Oltre 100 tra i maggiori player della moda a livello planetario e organizzazioni sostenitrici, hanno firmato la Carta per L’Azione Climatica dell’Industria della Moda (Fashion Industry Charter for Climate Action). La carta, lanciata a dicembre 2018 all’interno della conferenza mondiale sul clima COP24, si propone di partecipare attivamente agli obiettivi dell’accordo di Parigi: mantenere l'aumento della temperatura al di sotto di 1,5 ° C rispetto ai livelli pre-industriali e per raggiungere la Carbon Neutrality entro il 2050.

Cosa dice la Carta

La carta va oltre precedenti impegni a livello di settore. Comprende un obiettivo di riduzione delle emissioni di gas a effetto serra del 30% entro il 2030 e un impegno ad analizzare e impostare il percorso di decarbonizzazione per l'industria della moda, attingendo a metodologie dalla Science-Based Targets Initiative. I firmatari si impegnano inoltre a tracciare e rendere pubbliche le emissioni di gas serra, a supportare il mondo scientifico e le Organizzazioni Unite nelle strategie per il cambiamento climatico, migliorare l’efficienza energetica, a porre dei vincoli all’utilizzo di caldaie a carbone nei siti manifatturieri, a supportare sistemi di trasporto a basso impatto ambientale, a sostenere un modello di economia circolare, a promuovere il dialogo con i governi, a afforzare comportamenti virtuosi dei consumatori per ridurre gli impatti ambientali e prolungare la vita dei prodotti.

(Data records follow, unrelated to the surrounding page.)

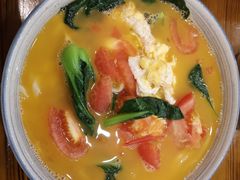 番茄鸡蛋面-陈八两面家(华孚写字楼店)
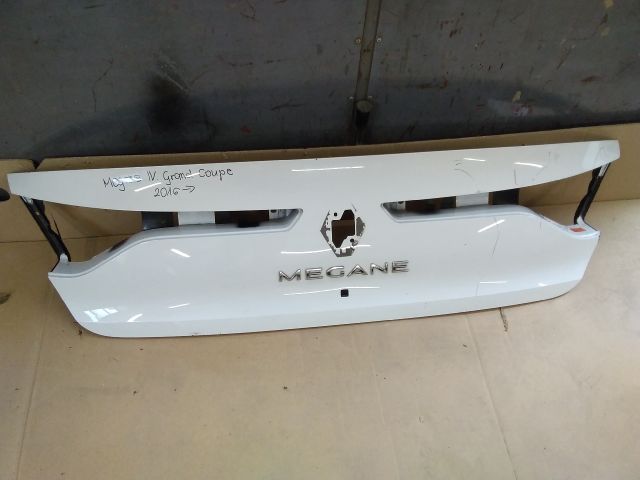 bontott RENAULT MEGANE IV Csomagtérajtó Burkolat Alsó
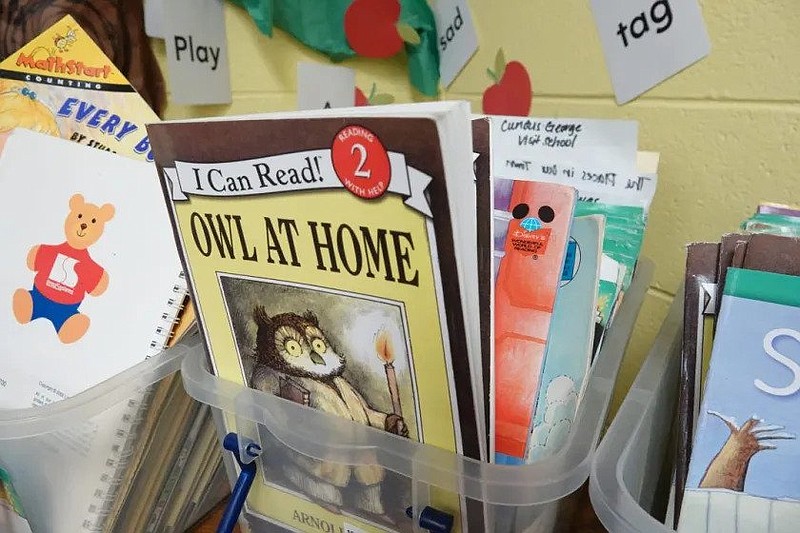 Karen Pulfer Focht / Chalkbeat / Early reading books fill bins in a classroom at Gardenview Elementary School in Memphis. A bill in the Tennessee General Assembly would remove the requirement for teachers to catalog books in their classroom collections.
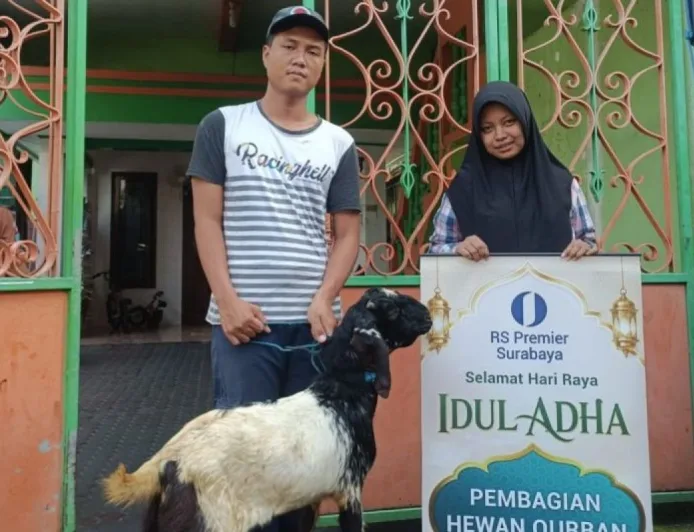 RS Premier Surabaya salurkan kurban ke 12 lembaga sosial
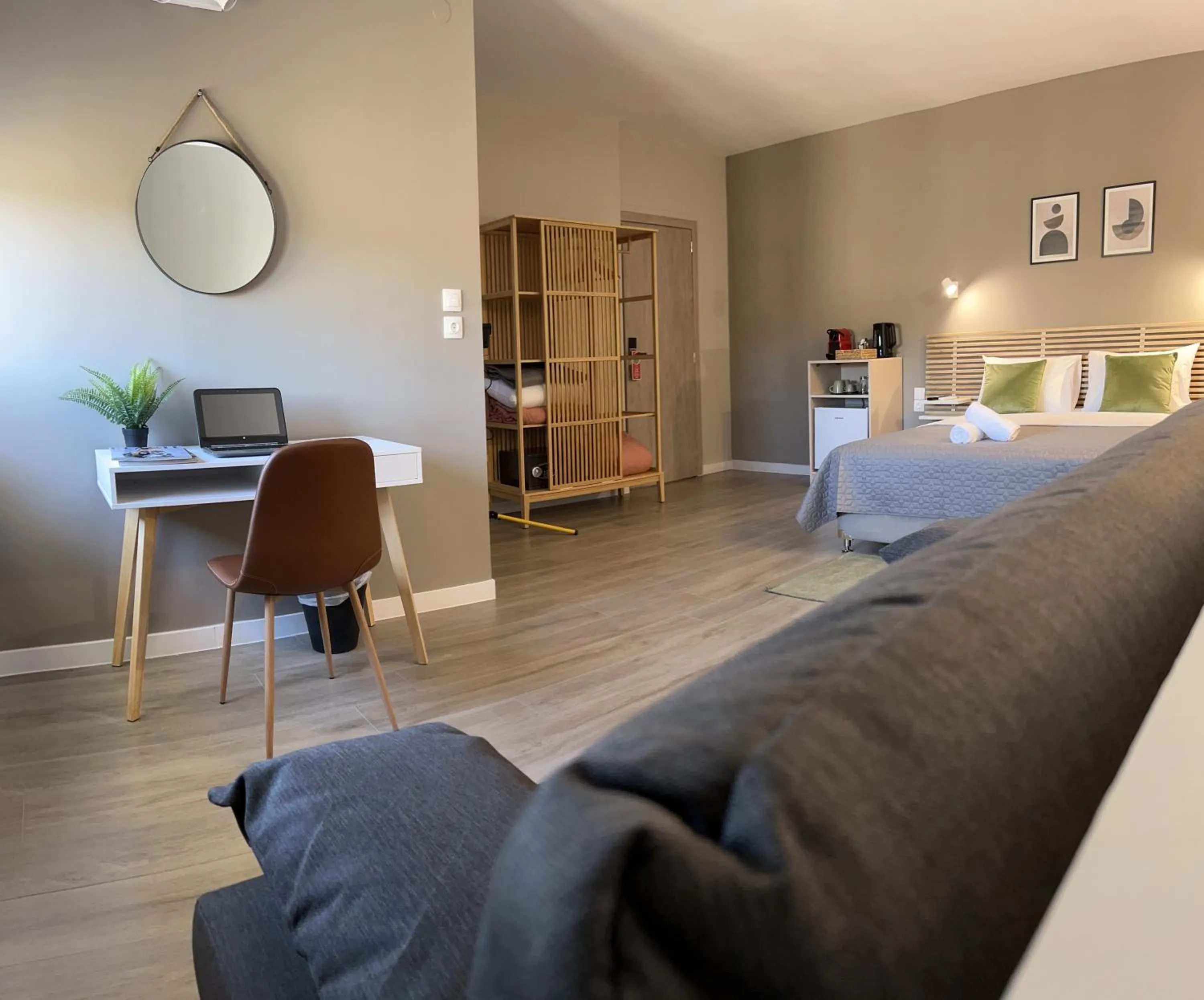 Living room, Bed in Luxor Premium Suites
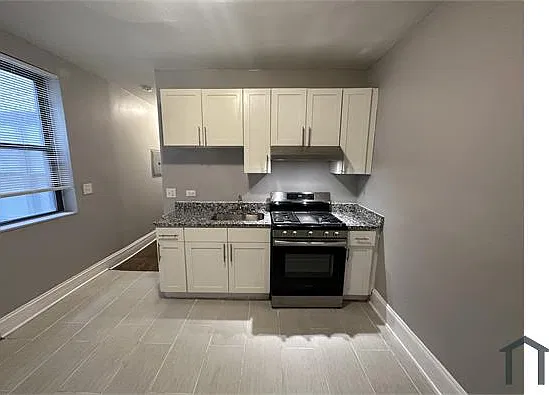 2 bed, $1,686 — Photo 1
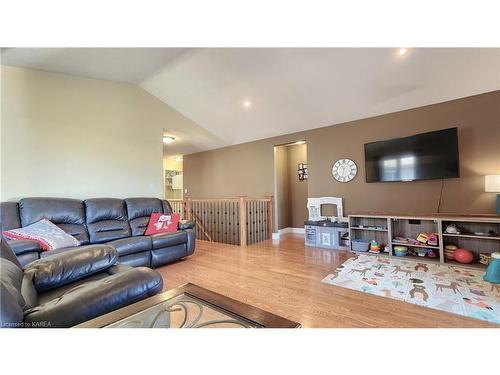790 Lotus Avenue, Kingston, ON - Indoor Photo Showing Living Room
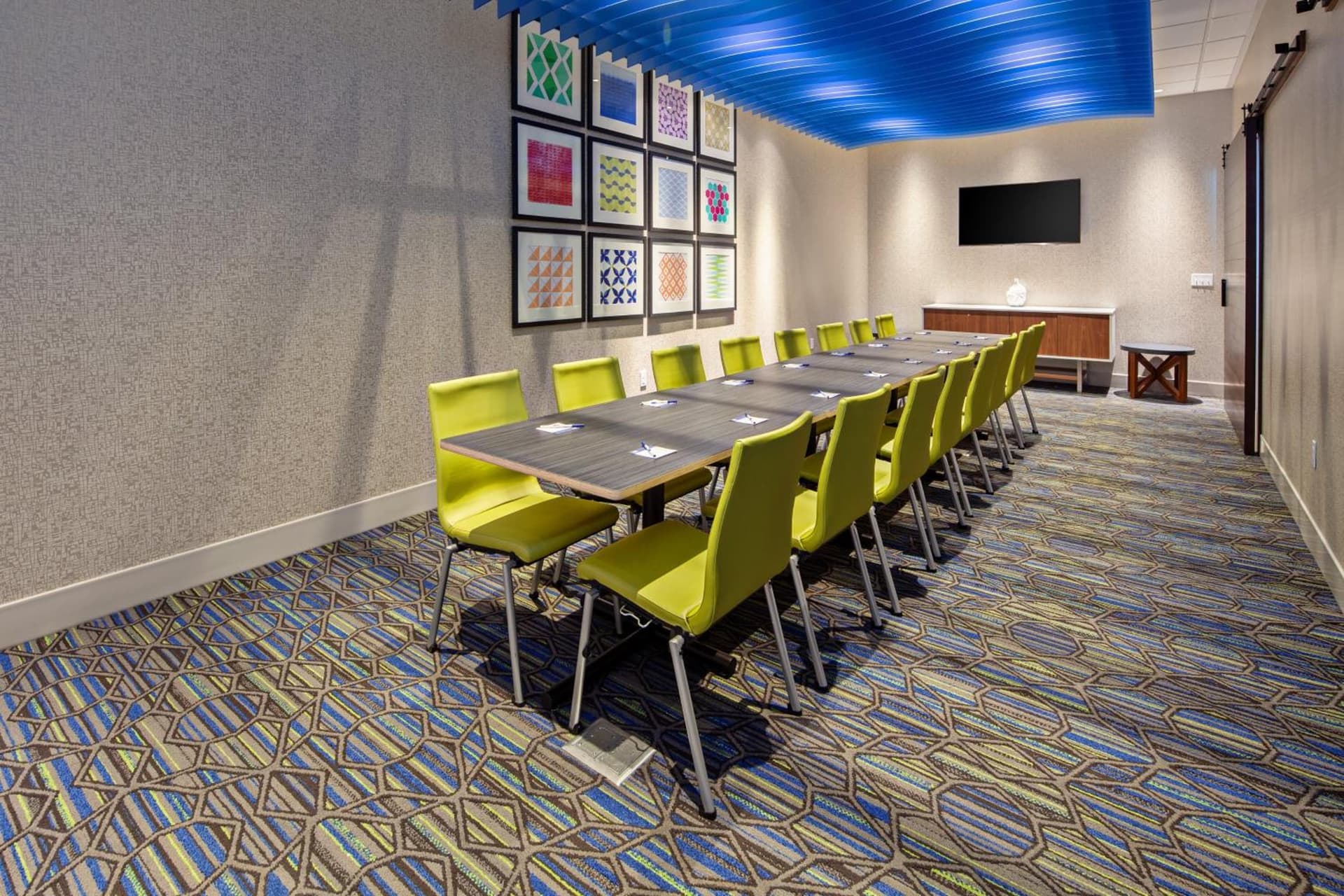Holiday Inn Express Hotel & Suites Ventura Harbor by IHG gallery photo in Ventura, CA — image 15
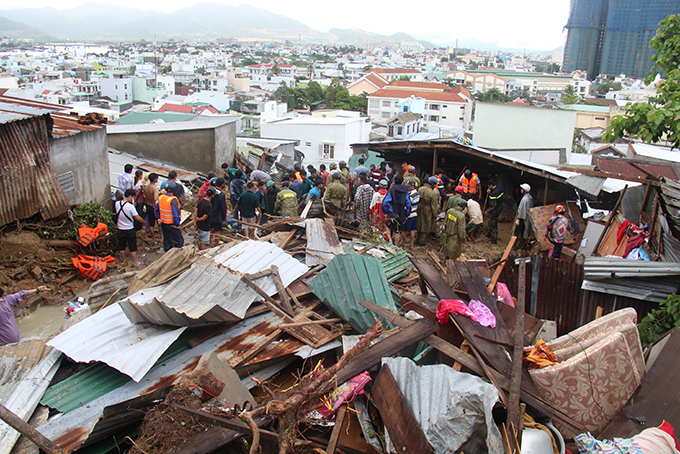Toàn phường Vĩnh Trường có 20 căn nhà bị sập hoàn toàn do mưa lớn và sạn lở núi.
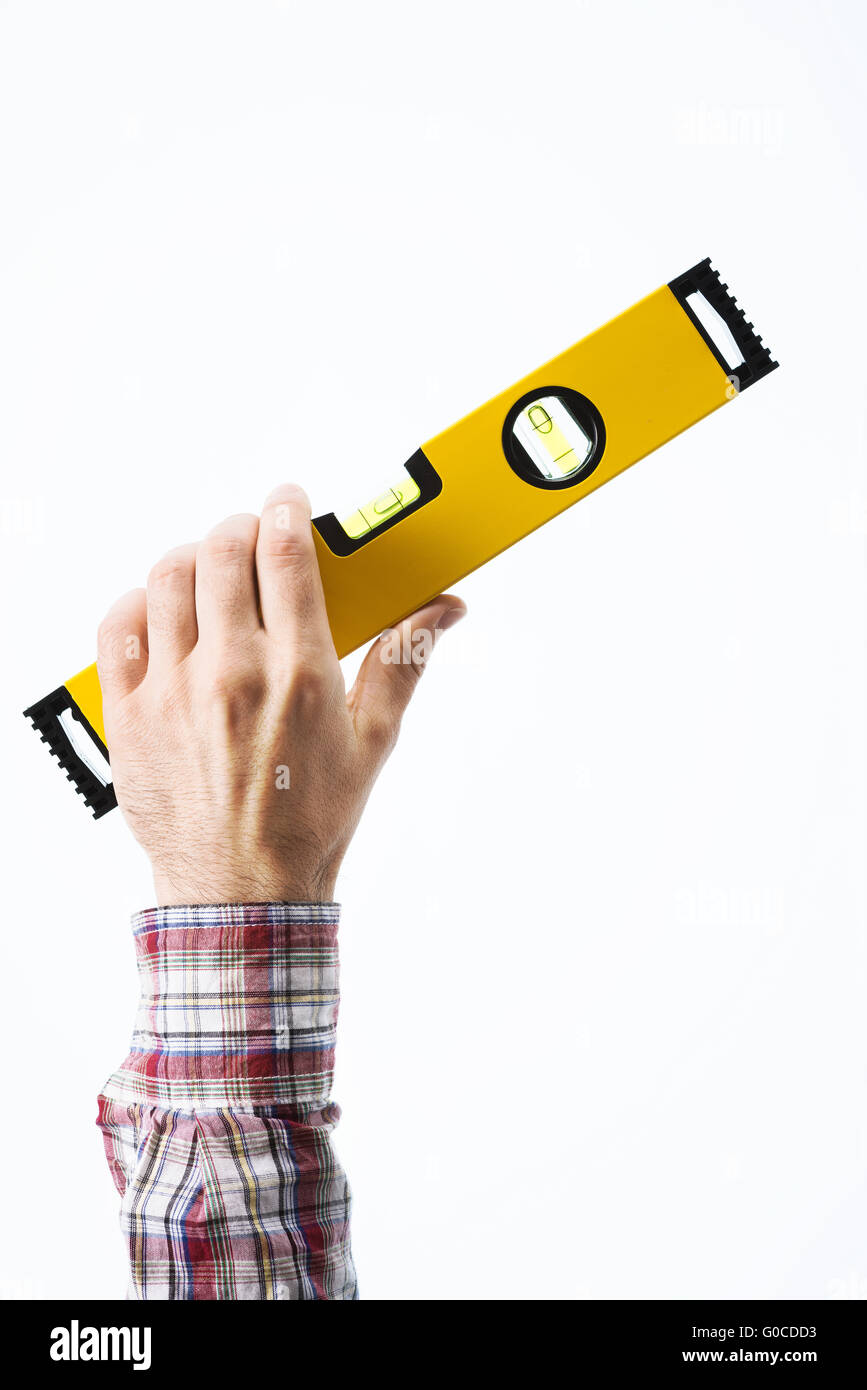 Männliche Tischler Hand hält eine gelbe Ebene auf weißem Hintergrund Stockfoto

Qual è l'impatto ambientale del settore moda e tessile

Secondo il rapporto Quantis “Measuring Fashion” del 2018, l’impatto ambientale del settore abbigliamento e calzature rappresenta circa l’8% degli impatti globali sul clima (3.990 milioni di tonnellate CO2eq). Soltanto in Europa, nel 2015 i cittadini dell'UE hanno acquistato 6,4 milioni di tonnellate di nuovi indumenti (pari a 12,66 kg a persona); tra il 1996 e il 2012, la quantità di abiti acquistati per persona nell’Unione Europea è aumentata del 40%. Le ragioni dell’aumento sono da ricercare nel crollo dei prezzi e nella diffusione della cosiddetta “fast fashion”, adottata dai grandi retailer della moda che offrono produzione di massa, prezzi bassi ed enormi volumi di vendita.

Purtroppo si stima che oltre il 30% dei vestiti negli armadi europei non viene utilizzato da almeno un anno. Una volta scartati, oltre la metà dei capi non viene riciclata, ma finisce nei rifiuti domestici misti, che sono poi inviati agli inceneritori o alle discariche. E si tratta soltanto dell’ultimo anello della catena: l’impatto ambientale del settore è dovuto anche alla produzione agricola, alla produzione delle fibre (sia naturali sia sintetiche) e dei filati, ai processi umidi fino alla confezione e distribuzione degli abiti.

Nell’ambito della conferenza sul clima di dicembre 2019 COP25, i firmatari della carta hanno ri-affermato con una lettera congiunta il loro impegno, chiedendo al contempo la collaborazione dei leader politici dei principali paesi produttori e consumatori di prodotti tessili.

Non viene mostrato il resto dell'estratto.